[Material for this task — start]

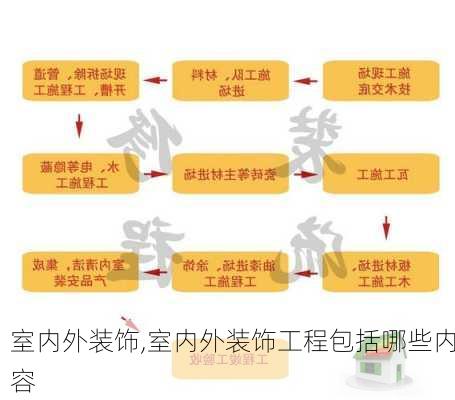 室内外装饰,室内外装饰工程包括哪些内容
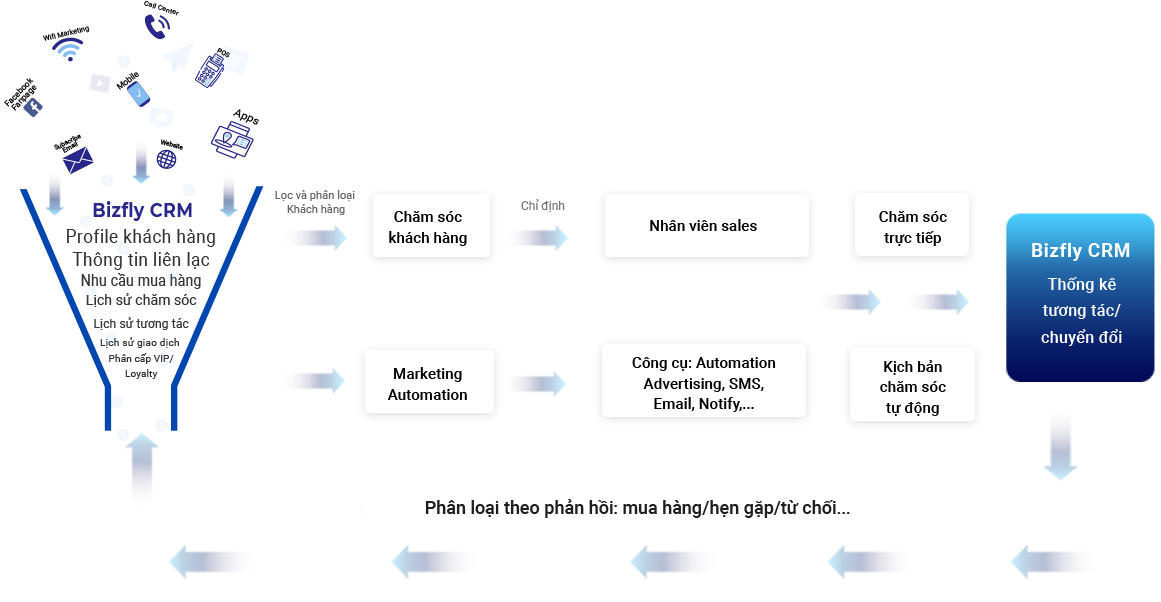  Bizfly CRM hứng thông tin trên mọi điểm chạm 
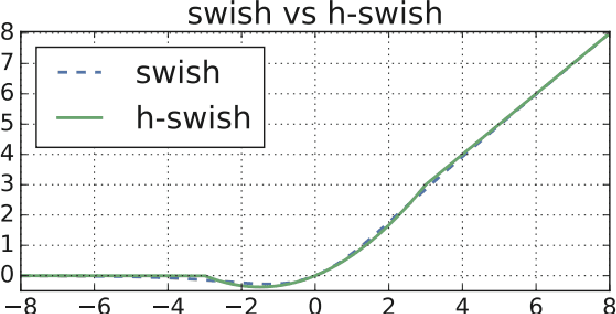 Figure 1 for Evaluating Model Performance with Hard-Swish Activation Function Adjustments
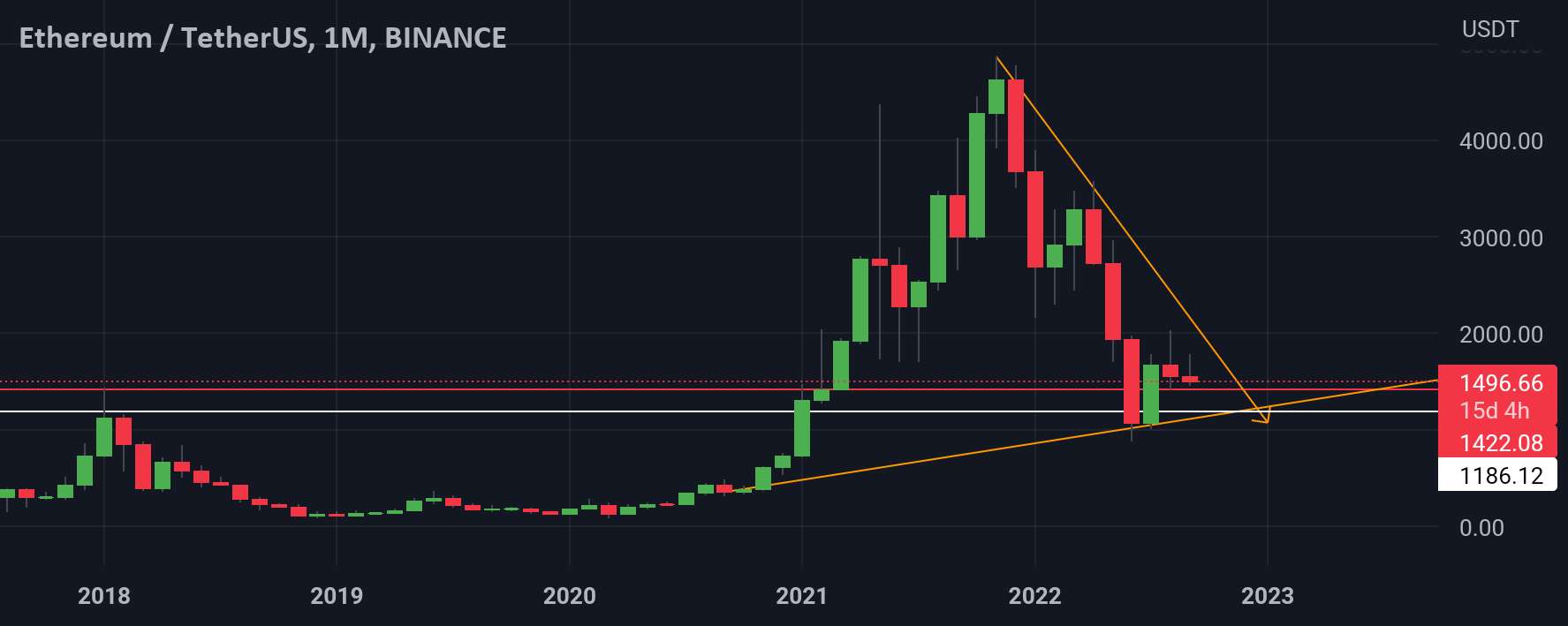  تحلیل اتریوم - ETH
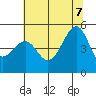 San Francisco tide chart for Thursday, July 7, 2022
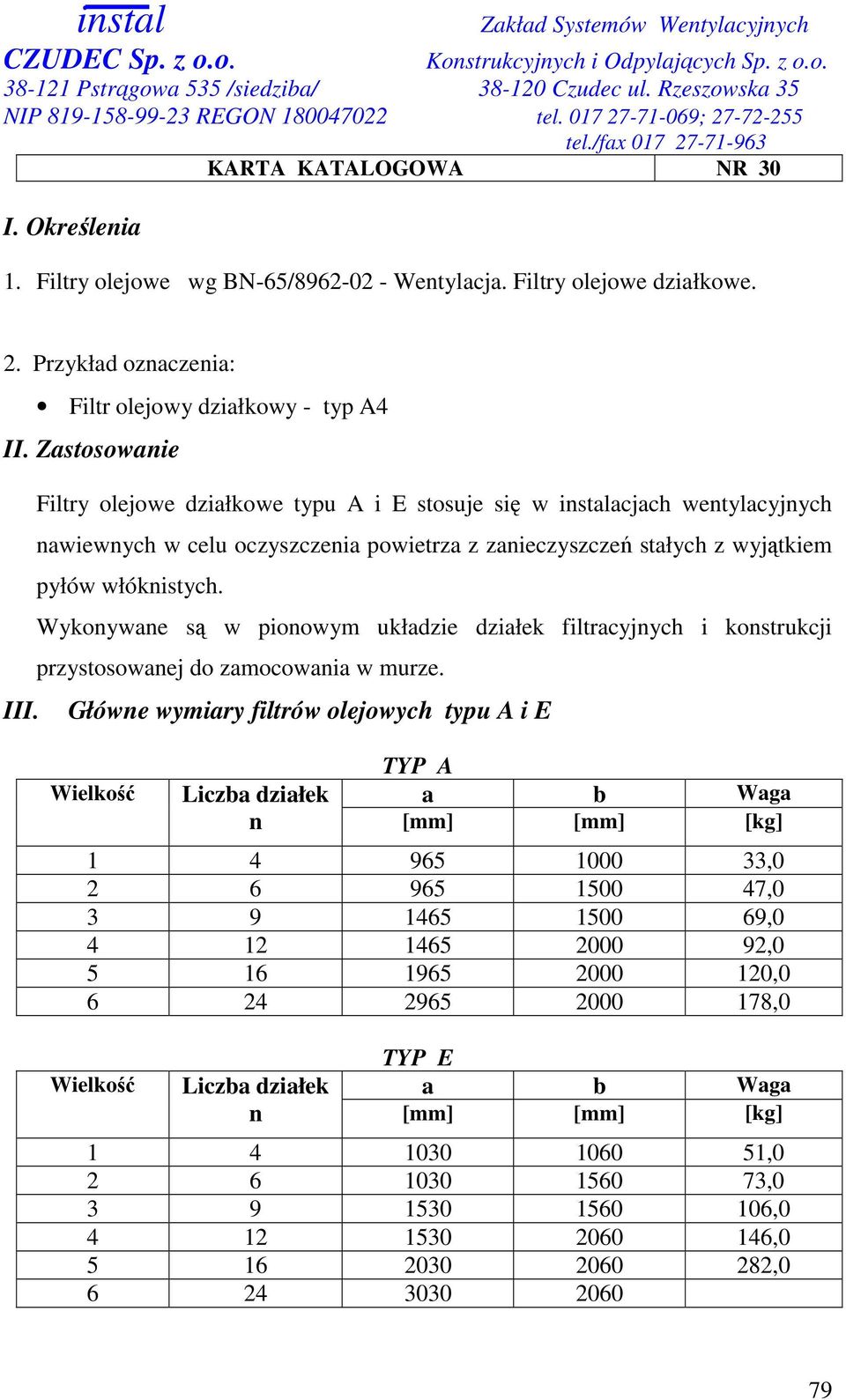 Wykonywane są w pionowym układzie działek filtracyjnych i konstrukcji przystosowanej do zamocowania w murze.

[Material for this task — finish]

# Task statement:
Skip the pictures and output all entries exactly.

# Answer:
 室内外装饰,室内外装饰工程包括哪些内容
  Bizfly CRM hứng thông tin trên mọi điểm chạm 
 Figure 1 for Evaluating Model Performance with Hard-Swish Activation Function Adjustments
  تحلیل اتریوم - ETH
 San Francisco tide chart for Thursday, July 7, 2022
 Wykonywane są w pionowym układzie działek filtracyjnych i konstrukcji przystosowanej do zamocowania w murze.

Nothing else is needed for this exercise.